((
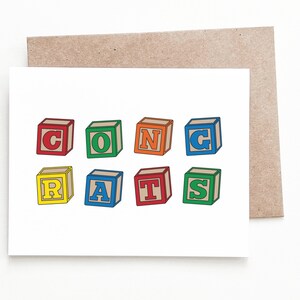 Funny Baby Blocks Baby Shower Card, Building Blocks Congrats New Baby Shower Gift image 1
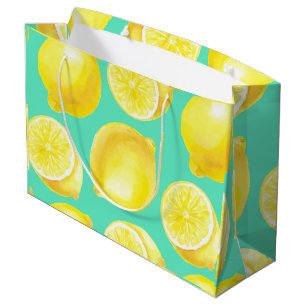 Watercolor lemons pattern large gift bag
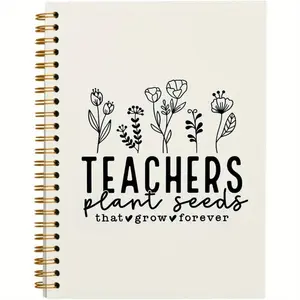 Teacher Plant Seeds That Grow Forever Themed Planner Notebook Journal, 1 Count Spiral Bound Writing Journal, Teacher Appreciation Gifts, School Supplies, Office Stationery Supplies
))
* AIM OF THE TASK: Everything in the listing must be copied exactly except the pictures.

* EXERCISE OUTPUT:
 Funny Baby Blocks Baby Shower Card, Building Blocks Congrats New Baby Shower Gift image 1
 Watercolor lemons pattern large gift bag
 Teacher Plant Seeds That Grow Forever Themed Planner Notebook Journal, 1 Count Spiral Bound Writing Journal, Teacher Appreciation Gifts, School Supplies, Office Stationery Supplies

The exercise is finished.